As a busy seaside town, St Ives is unsurprisingly home to thousands of gulls from a number of different species, with the Herring Gull being the species that most consider the archetypal 'seagull'. Herring Gulls can live for over 30 years and normally form lifelong pairings, and as a result they are typically fierce protectors of their offspring. Like any animal in its infancy, seagull chicks rely on their parents as a food source and with the huge influx of visitors to St Ives over the summer months, gulls will quite happily swoop down and snaffle up a few of your chips whilst you sit admiring the view.
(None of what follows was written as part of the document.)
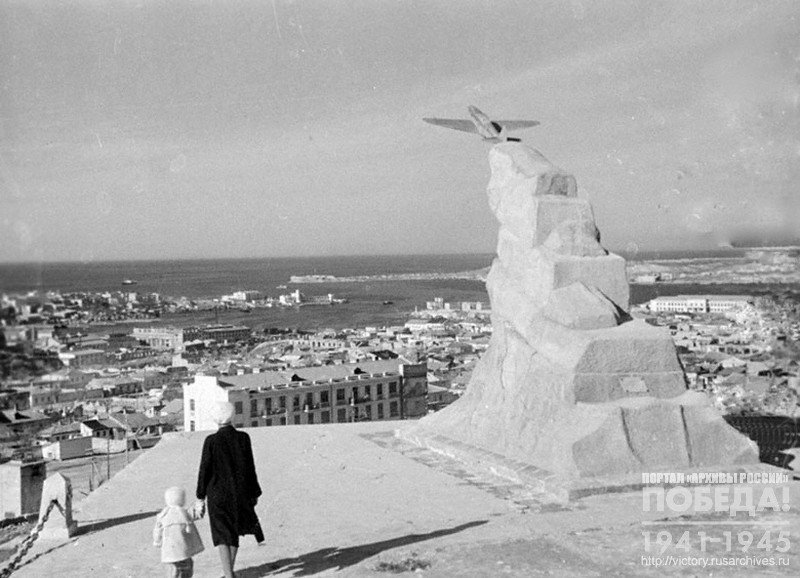 Memorial to Soviet pilots on the Malakhov barrow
In St Ives, the gulls' propensity for daylight robbery has become an increasing problem for summer revellers, and the St Ives Business Improvement District (BID) have begun to take steps to ensure the town's image as a holiday destination is not affected by hungry Herring Gulls.

Enter - 'The Daily Gull'. This 'newspaper' is a large printed sheet of greaseproof wrap for takeaways on the sea front, produced by St Ives BID in collaboration with Dr Viola Ross-Smith, a seabird expert from the British Trust for Ornithology (BTO). The wrapping has been offering visitors hints and tips on understanding gulls, especially their warning calls.
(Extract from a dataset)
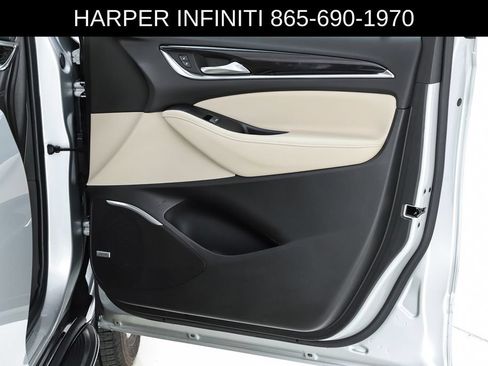 Used 2020 Buick Enclave Premium w/ Sun and Sites Package FWD image 32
Frustratingly, learning 'gull language' doesn't actually mean you can communicate with seagulls, but it may help you identify the intentions of a nearby gull and give you time to scarper before a confrontation erupts.
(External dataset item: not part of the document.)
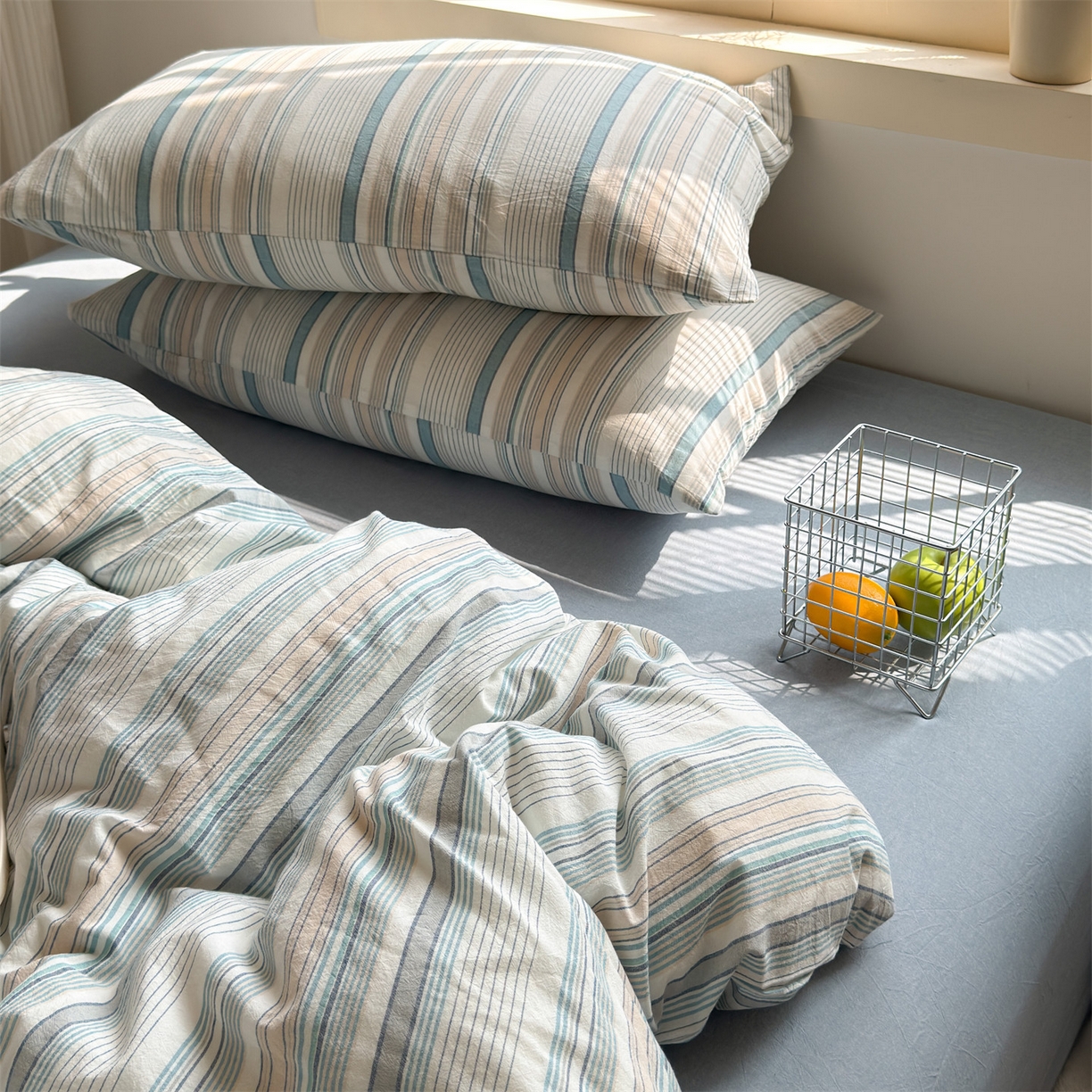 91家纺网 家纺一手货源 找家纺 北欧良品 2026新款全棉色织水洗慵懒风条纹四件套 蓝白混条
The trick to keeping your picnic safe is awareness. Here are the Daily Gull's top 5 tips:

1.Look up, make eye contact and acknowledge the gulls.

2.Never share your food with gulls – check out the many signs around town.

3.Clear away your litter as much as possible – take your plates with leftover food back into cafes instead of leaving them for the gulls to feast on

4.Gulls are not 'attacking' when they dive for food. A competitive feeding frenzy might seem like an 'attack', but it isn't. Gulls only attack when their eggs or chicks are in danger.

5.Learn the language. Take a look at the list below and check out the signs around town for more tips on ensuring that gulls don't bother you when you're eating.

4 typical gull calls you can recognise:

1.The Long Call (head back, loud call, beak wide open): Often a warning to other gulls that this particular patch of territory (or restaurant table) belongs to a gull pair. Wings can be held up and out to warn other gulls who land nearby. This call can appear 'contagious' and spread through a group of gulls.

2.The Mew (a little like a cat): An affectionate bonding call exchanged between pairs of gulls when one returns to the nest after foraging.

3.The Machine Gun call (short, persistent bursts): This is the gull call for danger and one that humans must heed. A bird makes this call when it sees a threat – perhaps a dog or human too close to its nest. This call can precede dive-bombing close to heads or (rarely) a 'poo run', so it pays to look up to see where the sound is coming from and move away from the bird if it is calling persistently, particularly if it's in flight.

4.The Whine : This is the sound a chick makes when it's begging, and is a sign that any adults nearby could be territorial.

Seagulls are not aggressive animals, they have just unfortunately become accustomed to humans as a source of food. Stay aware and vigilant to their behaviour and you will have yourself a fine harbourside picnic - one that you don't have to share with the Herring Gull population.